Unable to process "update_all' function in subprocess

Hi all,

I have an urgent question related to DGLGraph.update_all function.

Context:
The main process runs DistDGL, with the context of:

dgl.distributed.initialize(args.ip_config)
g = dgl.distributed.DistGraph(args.graph_name, part_config=args.part_config)
model = DistSAGE(in_feats, args.num_hidden, n_classes, args.num_layers, F.relu, args.dropout)

Then I use python multiprocessing.Process to initiate a subprocess to run function explain.

Process(target=explain, args=(args, model,))

I construct a local DGLGraph object in the subprocess and want to run forward pass of the model through the newly-constructed graph. But I find the code stuck at graph.update_all function.

graph.ndata['h'] = n_feats
graph.update_all(fn.copy_u('h', 'm'), fn.mean('m', 'h'))

But I can run explain function successfully either by using threading.Thread or run it in main process. Therefore, I think the root cause is that update_all function may rely on some runtime objects that originally initialized in the main process, but unable to be accessed in the subprocess.

As I search for the runtime object, I find it already deprecated in dgl 0.6.x. And I’m using dgl-cu101==0.6.1 package.

Also, I add import dgl in the explain function, but still not works.

So could anyone give me some advice for it? And how can I run my program using multiprocessing?

Thanks a lot for your help!

Is it a DistDGLGraph? Is it on CPU or GPU?

Thanks for your reply!

In the explain function, I construct a local DGLGraph graph, not DistDGLGraph. The graph is stored in CPU.

The model is originally in GPU, so I create a new DistDGL in CPU in the main process, and then copy model.state_dict() to it.
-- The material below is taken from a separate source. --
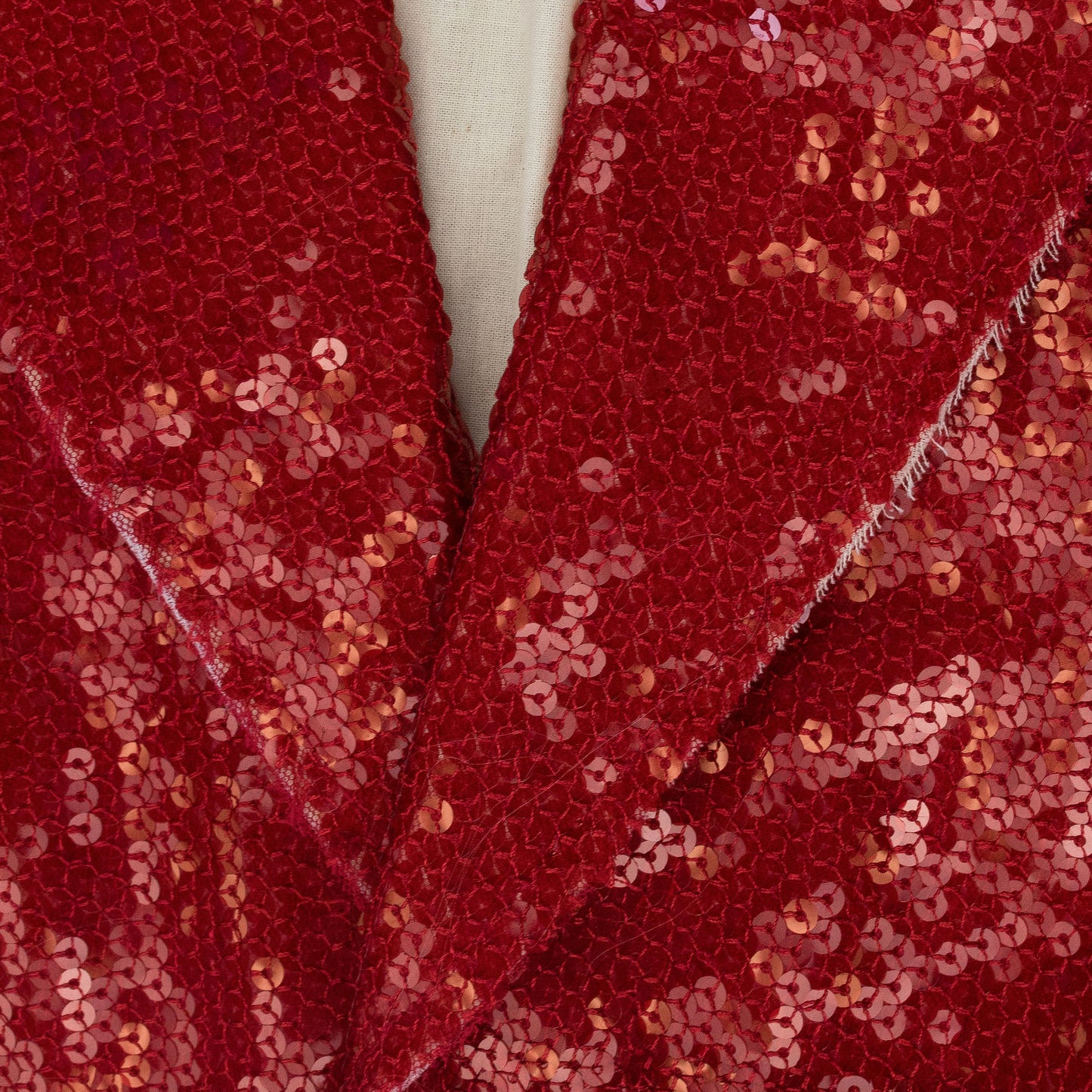 RED SEQUIN SLEEVELESS BLAZER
See below:

xmodel = DistSAGE(in_feats, args.num_hidden, n_classes, args.num_layers,
                      F.relu, args.dropout)
xmodel.load_state_dict(model.module.state_dict())
torch.save(xmodel.state_dict(), args.xmodel_store)

And then in subprocess:

model = DistSAGE(feat_dim, args.num_hidden, n_classes, args.num_layers,
                     F.relu, args.dropout)
model.load_state_dict(torch.load(args.xmodel_store, map_location=torch.device('cpu')))

to copy the model to CPU.

Could you try add the decorator to your subprocess function, as example at dgl/deepwalk.py at 0.6.x · dmlc/dgl · GitHub, decorator at dgl/utils.py at 0.6.x · dmlc/dgl · GitHub to see whether it still stucks?
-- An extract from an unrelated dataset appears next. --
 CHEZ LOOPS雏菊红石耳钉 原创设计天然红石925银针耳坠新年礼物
The reason is that we found when forking the subprocess, there might be namespace collision for OpenMP, thus it might stuck the subprocess. For nightly version, you can try dgl.multiprocessing instead.

Another solution is to try spawning subprocess instead of forking subprocess, but this will make extra copy of the graph transferring between processes

Sure, I’ll try the decorator later.

Besides, how can I install dgl nightly version? pip3 install --pre dgl-cu101==0.6.1 seems not working.

Yes, we’ve moved a self hosted s3 because our binary size exceeds pypi limits. Now you need pip install --pre dgl-cu102 -f https://data.dgl.ai/wheels-test/repo.html to install latest nightly build

Thanks a lot @VoVAllen! The decorator approach works well.

In nightly builds and the upcoming version you can use Process class from dgl.multiprocessing which wraps the decorator.

@BarclayII Thanks! The answer helps me a lot!